Le competenze dinamiche come fonti del vantaggio competitivo.


Negli anni 2000 le imprese rinnovano in modo continuo l’assetto strategico generando nuove
risorse e competenze, l’obiettivo è generare nuove strategie del valore.
Le capacità dinamiche sono i processi di integrazione, rinnovo, sviluppano e riconfigurazione delle
competenze distintive aziendali, rinnovando continuamente il proprio assetto strategico.
Consentono all’impresa di adeguare la propria configurazione di risorse e competenze al contesto
competitivo e ai cambiamenti continui, al fine di generare nuove strategie del valore.
Entrano in gioco due elementi:
• Dinamicità → capacità dell’impresa di rinnovare le competenze per la sintonia con l’esterno.
• Capacità → ruolo-chiave del management strategico nell’adattare, integrare, riconfigurare le
risorse e le competenze.
Le capacità dinamiche sono dirette al cambiamento strategico e all'allineamento
dell'organizzazione con l'ambiente (Zahra et al., 2006).
Riguardano le capacità di un'azienda di percepire e dare forma alle opportunità, cogliere le
opportunità e ridistribuire e riconfigurare (creare, estendere e modificare) la loro base di risorse.
Sono competenze distintive i processi di sviluppo di nuovi prodotti, alleanze strategiche e tutti i
processi di cambiamento delle modalità di presentazione al mercato e ai concorrenti attraverso
nuovi modelli produttivi.
Le capacità dinamiche sono il risultato di un percorso di apprendimento nel percorso evolutivo
dell’impresa, non acquisibili dall’esterno.
Alcune capacità sono generate e mutano nel tempo per effetto della combinazione tra meccanismi
di apprendimento basati sull’esperienza e capacità di articolazione e codificazione della conoscenza
ai diversi livelli.
Le capacità dinamiche variano la loro natura in base alla natura del contesto e del mercato e i suoi
cambiamenti (es. se continui oppure se imprevedibili…).
Spiegano perché alcune imprese sono in grado di mantenere un vantaggio competitivo pur
operando in contesti instabili.

Il valore competitivo del capitale intangibile.


Alcuni fenomeni (es. globalizzazione e sviluppi tecnologici) hanno portato all’erosione delle
barriere in entrata di diversi settori legate alla ricchezza di risorse tangibili, spingendo le imprese
alla ricerca di nuove fonti di protezione dalla concorrenza.
Gli asset intangibili rispetto agli asset tangibili (risorse fisiche e finanziarie) sono meno flessibili,
difficili da accumulare e trasferire, dunque difficilmente imitabili e fonti di vantaggio competitivo
se efficacemente gestiti all’interno dell’impresa.
Negli anni ‘80 il 35% circa del valore medio di un’impresa era collegato a beni intangibili il restante
65% erano beni tangibili.
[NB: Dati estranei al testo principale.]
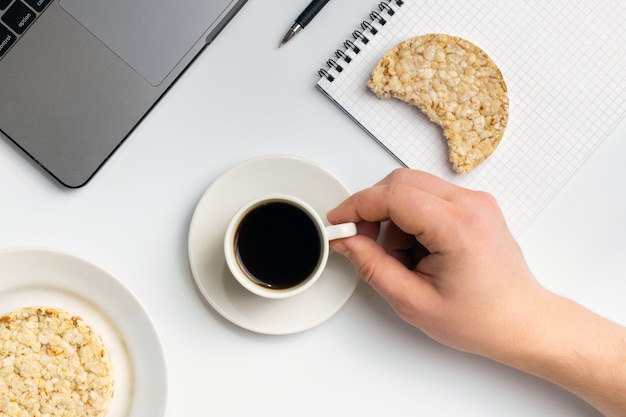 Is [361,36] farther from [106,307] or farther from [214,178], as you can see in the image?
[106,307]

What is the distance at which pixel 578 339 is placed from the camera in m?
1.13

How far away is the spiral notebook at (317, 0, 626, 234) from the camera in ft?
3.95

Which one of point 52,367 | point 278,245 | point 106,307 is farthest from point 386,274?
point 52,367

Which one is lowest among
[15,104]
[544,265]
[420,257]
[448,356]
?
[15,104]

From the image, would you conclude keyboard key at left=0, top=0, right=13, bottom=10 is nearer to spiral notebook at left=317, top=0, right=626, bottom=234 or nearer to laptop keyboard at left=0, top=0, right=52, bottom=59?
laptop keyboard at left=0, top=0, right=52, bottom=59

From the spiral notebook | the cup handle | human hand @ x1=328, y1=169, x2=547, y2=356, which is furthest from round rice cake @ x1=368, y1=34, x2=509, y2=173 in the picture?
the cup handle

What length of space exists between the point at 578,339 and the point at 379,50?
2.06 ft

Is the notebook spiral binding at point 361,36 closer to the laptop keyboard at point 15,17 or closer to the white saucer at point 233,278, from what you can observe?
the white saucer at point 233,278

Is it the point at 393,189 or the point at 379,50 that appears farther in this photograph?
the point at 379,50

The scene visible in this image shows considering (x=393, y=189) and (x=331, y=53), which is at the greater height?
(x=331, y=53)

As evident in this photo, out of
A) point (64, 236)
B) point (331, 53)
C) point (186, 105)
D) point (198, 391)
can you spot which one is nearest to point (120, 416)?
point (198, 391)

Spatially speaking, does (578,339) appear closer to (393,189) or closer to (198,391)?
(393,189)

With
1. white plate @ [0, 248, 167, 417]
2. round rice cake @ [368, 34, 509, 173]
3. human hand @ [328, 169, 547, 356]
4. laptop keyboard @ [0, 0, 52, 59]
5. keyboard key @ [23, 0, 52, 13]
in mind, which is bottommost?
white plate @ [0, 248, 167, 417]

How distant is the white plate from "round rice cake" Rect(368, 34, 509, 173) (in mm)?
587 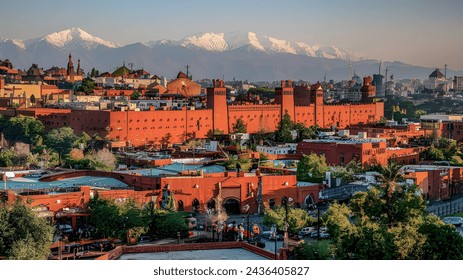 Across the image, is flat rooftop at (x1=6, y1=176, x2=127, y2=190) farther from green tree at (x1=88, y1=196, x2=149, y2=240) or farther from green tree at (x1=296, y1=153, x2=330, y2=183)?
green tree at (x1=296, y1=153, x2=330, y2=183)

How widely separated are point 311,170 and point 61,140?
675cm

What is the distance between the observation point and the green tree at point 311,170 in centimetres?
1280

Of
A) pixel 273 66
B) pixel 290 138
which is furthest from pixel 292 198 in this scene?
pixel 290 138

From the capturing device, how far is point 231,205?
417 inches

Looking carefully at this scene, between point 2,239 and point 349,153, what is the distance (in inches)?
403

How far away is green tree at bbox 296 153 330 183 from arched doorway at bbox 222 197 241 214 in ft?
7.72

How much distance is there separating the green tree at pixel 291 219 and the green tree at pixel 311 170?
10.3 ft

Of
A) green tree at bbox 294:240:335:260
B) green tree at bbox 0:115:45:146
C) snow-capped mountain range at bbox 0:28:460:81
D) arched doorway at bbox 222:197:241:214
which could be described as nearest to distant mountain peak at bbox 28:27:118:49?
snow-capped mountain range at bbox 0:28:460:81

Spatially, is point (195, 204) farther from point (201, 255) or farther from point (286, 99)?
point (286, 99)

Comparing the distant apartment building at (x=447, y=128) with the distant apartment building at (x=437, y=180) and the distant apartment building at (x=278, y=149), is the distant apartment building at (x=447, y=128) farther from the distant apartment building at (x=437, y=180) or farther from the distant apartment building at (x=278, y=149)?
the distant apartment building at (x=437, y=180)

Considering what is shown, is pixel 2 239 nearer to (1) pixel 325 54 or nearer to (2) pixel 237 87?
(1) pixel 325 54

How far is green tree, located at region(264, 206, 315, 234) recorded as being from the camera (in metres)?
9.17

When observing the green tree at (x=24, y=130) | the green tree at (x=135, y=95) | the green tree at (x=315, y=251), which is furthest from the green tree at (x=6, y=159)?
the green tree at (x=135, y=95)

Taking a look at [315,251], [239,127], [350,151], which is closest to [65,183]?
[315,251] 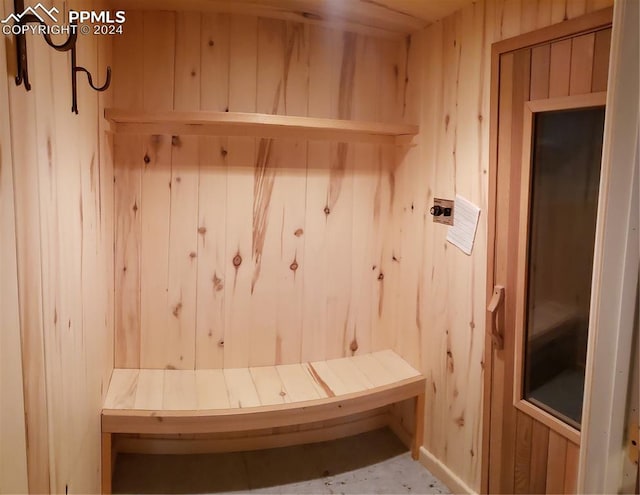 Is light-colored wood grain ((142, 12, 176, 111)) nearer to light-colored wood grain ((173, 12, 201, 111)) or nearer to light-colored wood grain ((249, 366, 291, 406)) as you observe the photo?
light-colored wood grain ((173, 12, 201, 111))

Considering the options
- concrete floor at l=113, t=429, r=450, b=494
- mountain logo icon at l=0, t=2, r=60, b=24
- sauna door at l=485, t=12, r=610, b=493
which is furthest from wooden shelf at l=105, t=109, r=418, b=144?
concrete floor at l=113, t=429, r=450, b=494

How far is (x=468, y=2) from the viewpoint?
2.08 meters

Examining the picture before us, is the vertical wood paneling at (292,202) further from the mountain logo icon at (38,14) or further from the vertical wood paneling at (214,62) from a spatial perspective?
the mountain logo icon at (38,14)

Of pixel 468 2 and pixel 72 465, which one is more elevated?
pixel 468 2

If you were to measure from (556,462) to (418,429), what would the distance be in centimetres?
86

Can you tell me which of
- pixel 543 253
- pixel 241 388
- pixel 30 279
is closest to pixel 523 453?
pixel 543 253

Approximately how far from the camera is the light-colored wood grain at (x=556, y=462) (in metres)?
1.76

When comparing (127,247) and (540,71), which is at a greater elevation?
(540,71)

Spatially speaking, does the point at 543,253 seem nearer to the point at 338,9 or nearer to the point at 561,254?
the point at 561,254

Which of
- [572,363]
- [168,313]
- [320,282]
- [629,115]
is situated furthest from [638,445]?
[168,313]

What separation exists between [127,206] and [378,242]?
1.31 m

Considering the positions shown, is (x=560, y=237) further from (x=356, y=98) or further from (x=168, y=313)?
(x=168, y=313)

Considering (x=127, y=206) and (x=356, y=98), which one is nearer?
(x=127, y=206)

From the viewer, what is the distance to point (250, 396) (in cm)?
227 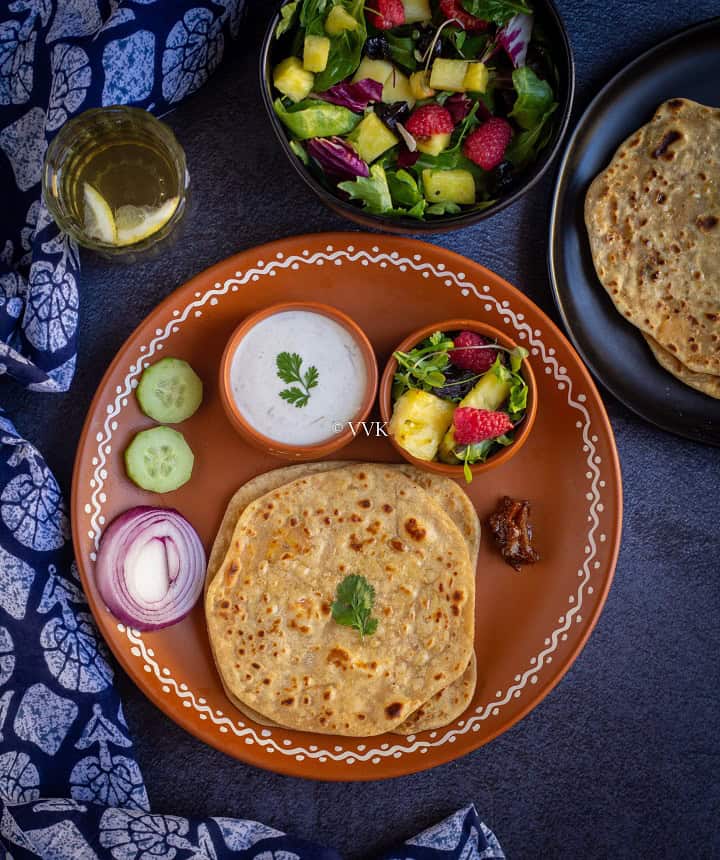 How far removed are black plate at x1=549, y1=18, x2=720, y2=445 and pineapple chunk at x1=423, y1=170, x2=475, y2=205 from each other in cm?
39

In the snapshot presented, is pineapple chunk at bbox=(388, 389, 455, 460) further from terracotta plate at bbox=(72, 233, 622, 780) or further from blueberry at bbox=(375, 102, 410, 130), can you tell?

Nel 2000 i beni intangibili rappresentano circo l’85% del valore medio.
Quali possono essere le nuove fonti per trovare le fonti intangibili?

73
La sostenibilità aziendale come innovazione nei modelli manageriali basata sulla valorizzazione
delle relazioni con gli stakeholder e sulla capacità delle imprese di integrare strategicamente
obiettivi sociali e ambientali negli orientamenti, nei processi e nelle attività operative.
La sostenibilità permette di accumulare capitale intangibile creando l’opportunità per le imprese di
migliorare la capacità di gestire reputazione, identità, immagine di marca, costruendo la propria
legittimità sociale in modo tale da assicurare nel tempo la creazione di valore.
Il capitale intangibile è l’insieme di fattori immateriali che consentono a un’impresa di
differenziarsi dai propri concorrenti, tra essi rientrano: cultura aziendale, proprietà industriale,
know-how codificato, competenze manageriali, formazione, esperienza del personale, relazioni
esterne.
Il capitale intangibile contribuisce a definire il modus operandi aziendale ai diversi livelli di
produzione, governance, processi di innovazione e relazioni con gli stakeholder.
È tutto quel materiale intellettuale, sapere, informazione, proprietà intellettuale, esperienza, che
può essere messo a frutto per creare ricchezza.
Gli studi concordano sulla distinzione concettuale del capitale intangibile in tre componenti
basilari: capitale umano, capitale organizzativo e capitale relazionale.

I. Capitale umano.
Ha assunto rilevanza solo di recente grazie alle teorie di Becker (1993): il capitale umano assume
valenza competitiva, associa investimenti in formazione, addestramento, welfare organizzativo con
uno specifico tasso di ritorno economico – finanziario. Ma le sue teorie si limitano a considerare
solo gli investi in formazione e sviluppo, prescindono dalle condizioni individuali e organizzative.
Altrettanto importanti sono le teorie di Pfeffer (1994, 1998): riconosce come la creazione di valore a
mezzo capitale umano debba essere il risultato dell’esistenza di diverse condizioni organizzative.
Le condizioni necessarie a valorizzare le persone si identificano:
- La sicurezza del posto di lavoro.
- L’accuratezza nei processi di selezione del personale.
- Il decentramento del potere decisionale.
- La percezione di equità del proprio trattamento economico e la possibilità di apprendimento.
- L’investimento in formazione mirata.
- La percezione di equità organizzativa in termini di status.
- La trasparenza nella diffusione delle informazioni relative al trattamento del lavoro a diversi
livelli.
Queste condizioni allineano gli interessi dell’impresa con quelli del personale, fanno da leva alla
motivazione del personale nonché la disponibilità a contribuire al successo aziendale.
Più di recente il capitale umano è considerato come l’insieme delle conoscenze individuali implicite
e codificate è stato analizzato in relazione allo sviluppo di capacità distintive aziendali e alla
creazione di nuova conoscenza organizzativa.
Può essere sviluppato (formazione) o acquisito all’esterno, le risorse umane non vengono più
considerate come costo ma come asset importante.
Alcuni possibili indicatori sono:
- Employee Satisfaction Index.
- Valore aggiunto/costo del personale.
- Turnover = se elevato è indicatore di problematiche da risolvere.
- % di dipendenti che suggeriscono nuove idee .
- Età media del personale = in relazione anche alla capacità di adattamento.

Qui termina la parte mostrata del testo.